Stichting Intermobiel

Rolstoelhockey - Nicole Tromp over rolstoelhockey

‘Rolstoelhockey is geen sport voor doetjes.’
In onderstaand interview vertelt Nicole Tromp over haar sport rolstoelhockey met een elektrische rolstoel.

Wil je jezelf even voorstellen?
Ik ben Nicole Tromp en ben 31 jaar. Sinds 2,5 jaar woon ik in een Fokuswoning in Arnhem. Vorig jaar ben ik doctorandus in de geschiedenis geworden, nadat ik 7 jaar op de universiteit van Nijmegen heb rondgereden. Eigenlijk wilde ik archeoloog worden, maar door mijn handicap kan ik niet opgraven.
elektrisch rolstoelhockey

Wat is je beperking en waardoor is het ontstaan?
Ik heb de spierziekte SMA type 2 (Spinale Musculaire Atrofie). Dat betekent, dat de spieren die je gebruikt om te bewegen en onder andere ook om adem te halen, steeds zwakker worden. Het gaat dus niet de spieren van mijn hoofd en de organen in mijn lichaam. Het hart blijft gezond. Hierdoor zit ik in een elektrische rolstoel en aan de beademing. De spierziekte heb ik al vanaf de geboorte en is erfelijk.

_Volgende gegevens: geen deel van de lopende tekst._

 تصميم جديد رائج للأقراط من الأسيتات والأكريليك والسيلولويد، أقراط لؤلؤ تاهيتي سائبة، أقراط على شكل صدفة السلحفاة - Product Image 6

Hoe afhankelijk ben je van de beademing?
Zo’n 22 tot 24 uur per dag zit ik aan de beademing. Met wassen en aankleden kan ik even zonder de beademing, dat lukt als ik maar niet verkouden ben.

Hoe ben je aan de sport rolstoelhockey gekomen en hoe lang doe je er al aan?
Al vanaf mijn zestiende doe ik aan rolstoelhockey, vijftien jaar dus al. Ik heb nogal snel last van mijn rug en bekken. Mijn revalidatiearts adviseerde me toen rolstoelhockey, maar ik was bang om dan juist meer pijn te hebben.  Ze botsen dan wel eens tegen je aan. Maar het tegenovergestelde bleek, want doordat je er mee bezig bent, leer je je gedachten juist verzetten. Door je te concentreren op het sporten, dwalen de gedachten af van de kwaaltjes en pijntjes die je voelt. Dat was dus juist de bedoeling. Het is een goede zet van hem geweest. Je moet dus wel een beetje tegen een stootje kunnen. Er wordt wel eens tegen je aangereden, al mag dat niet. Omvallen doe je overigens niet. Het is geen sport voor doetjes. Soms heb je de dag erna meer pijn, maar ja, dat is dan niet anders.
elektrisch rolstoelhockey

Heb je voorheen aan andere sporten gedaan?
Vroeger heb ik aan schuiftafeltennis gedaan, een variant van tafeltennis. Het wordt veel op scholen met gehandicapten gespeeld, als gymnastiekles. Toen kon ik mijn armen nog bewegen. Al snel kon ik het batje niet meer optillen, dan houdt het op.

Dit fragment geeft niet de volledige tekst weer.